The 2010 omnibus appropriations bill, passed by the U.S. House of Representatives on Dec. 10 and by the Senate on Dec. 13, would funnel those additional millions to the EEOC to help the agency get a handle on more than 70,000 unresolved discrimination complaints.

The resource-starved EEOC recently saw a 35% jump in its backlog, from 54,970 cases in 2007 to 73,951 last year. The agency also saw a record number of discrimination complaints in 2008 — 95,402 — which was also a nearly 20% increase from 79,896 in 2007. Nearly two-thirds involved racial or gender discrimination.

Meanwhile, the agency has watched staffing levels shrink 25% in recent years, from 2,850 in 2001 to 2,150 in 2008. Currently the agency is hiring 200 new investigators.
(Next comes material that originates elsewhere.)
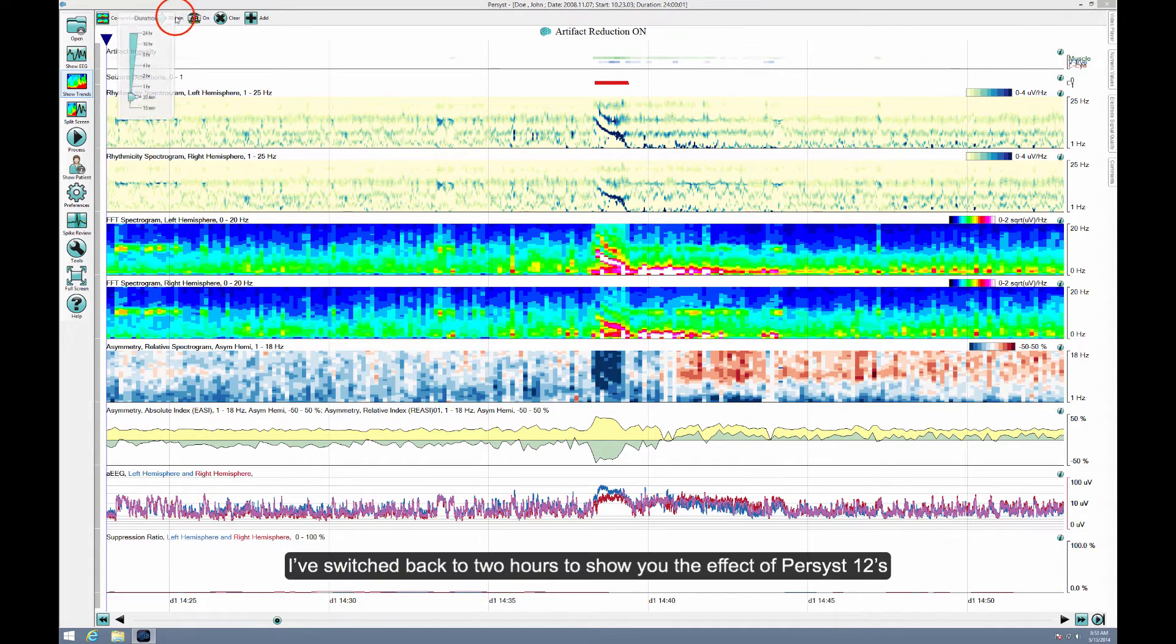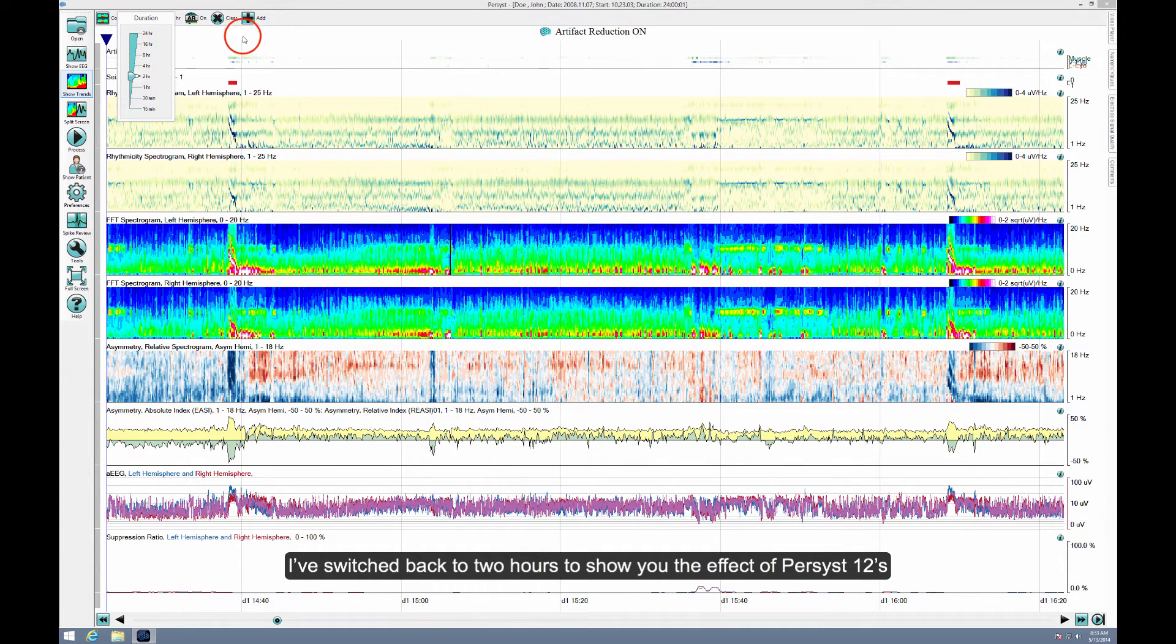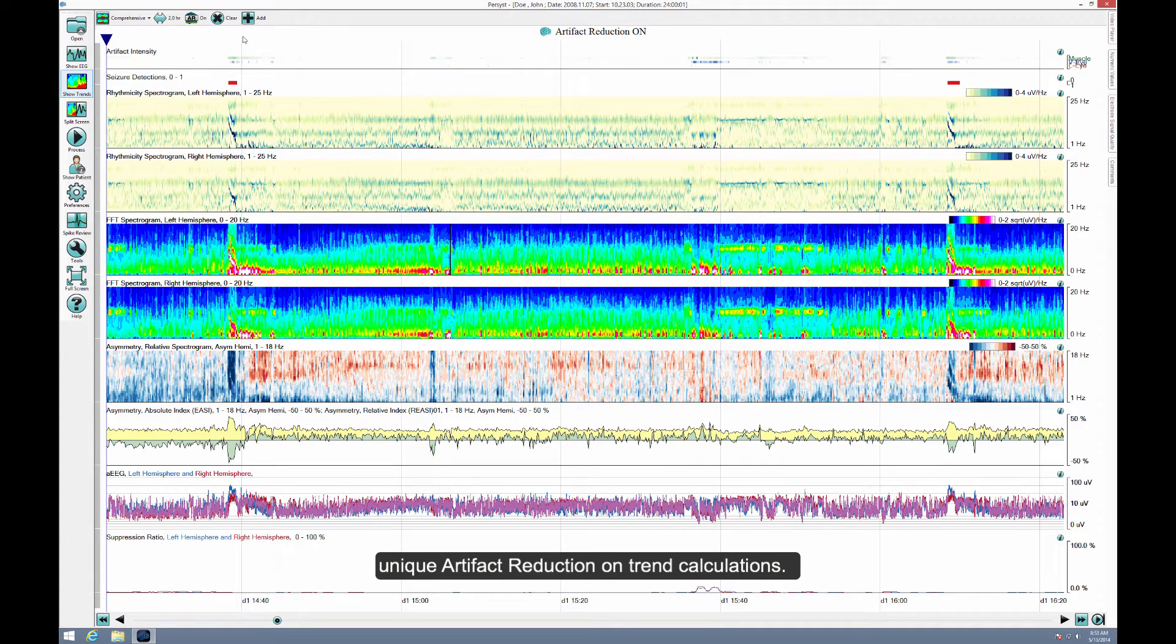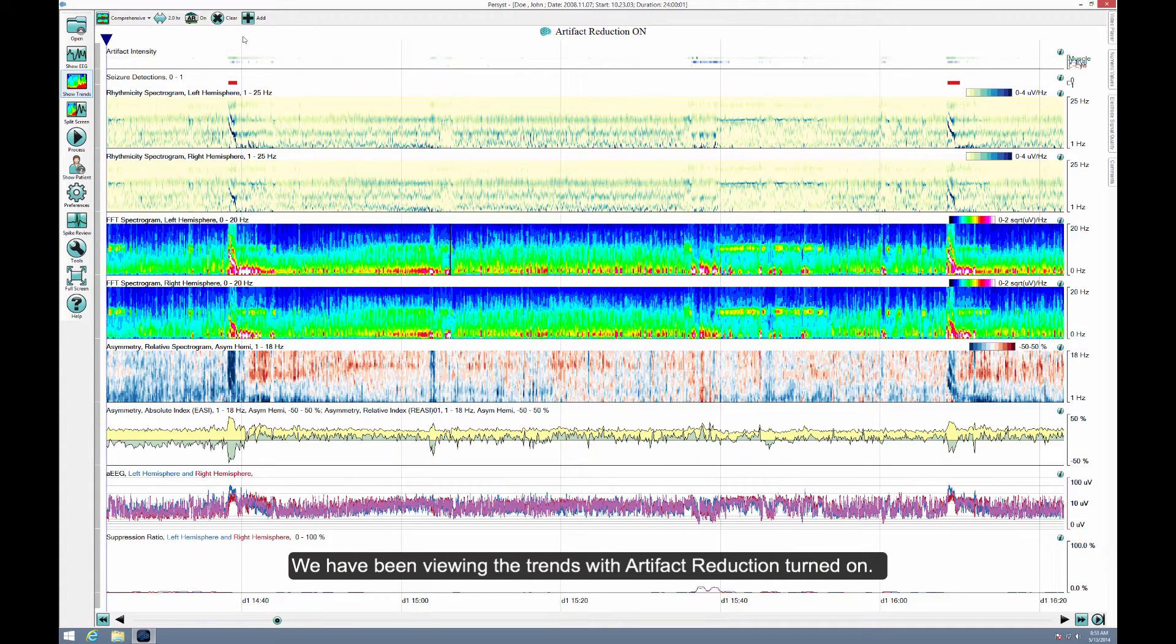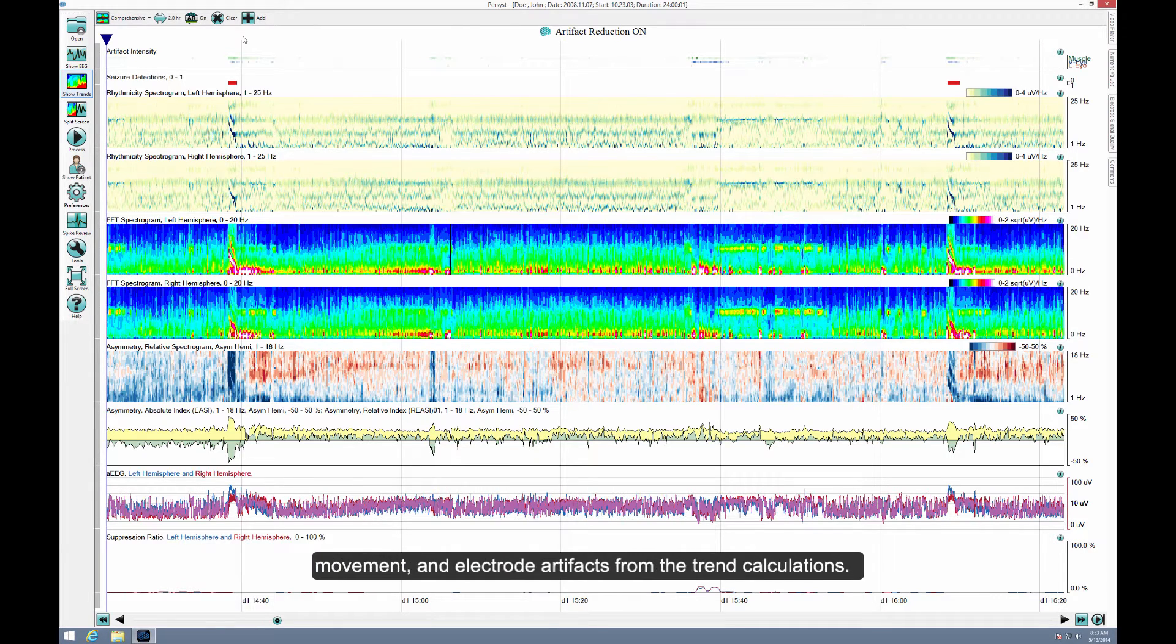I've switched back to two hours to show you the effect of Persyst-12's unique artifact reduction on trend calculations. We have been viewing the trends with artifact reduction turned on. This removes substantial amounts of the effect of muscle, eye movement, and electrode artifacts from the trend calculations.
According to former EEOC attorney Merrily Archer, now a management-side attorney and of counsel to the Denver office of Atlanta-based Fisher & Phillips, this is not a new problem for the agency. “Even under the Clinton administration when I worked there, the EEOC struggled with under-funding. It was not unusual for us to conduct depositions by telephone to avoid travel, to not have the money to retain experts,” she recalled. “We litigated our cases on a shoestring. Our furniture was hand-me-downs from the military and other federal agencies.”

Employment lawyers, meanwhile, are tired of watching EEOC cases languish for months — sometimes years. “We have some cases that are as old as two and three years,” said William Helfand, a partner in the Houston office of Chamberlain Hrdlicka who represents employers. “When it takes months or years for the EEOC to issue even a right-to-sue letter, the delay is detrimental to everyone involved.”

So at least for now, management-side lawyers aren’t sounding the alarm about greater scrutiny from a beefed-up EEOC. Helfand said, “Having investigators who have more time to actually look into these things and look into them more promptly — it’s in the best interest of the party whose position is correct.”

Jay Zweig, a partner in the Phoenix office of Bryan Cave, agreed, saying that companies are “very interested in moving this backlog of cases forward with the anticipation that most of them will be dismissed by the EEOC.”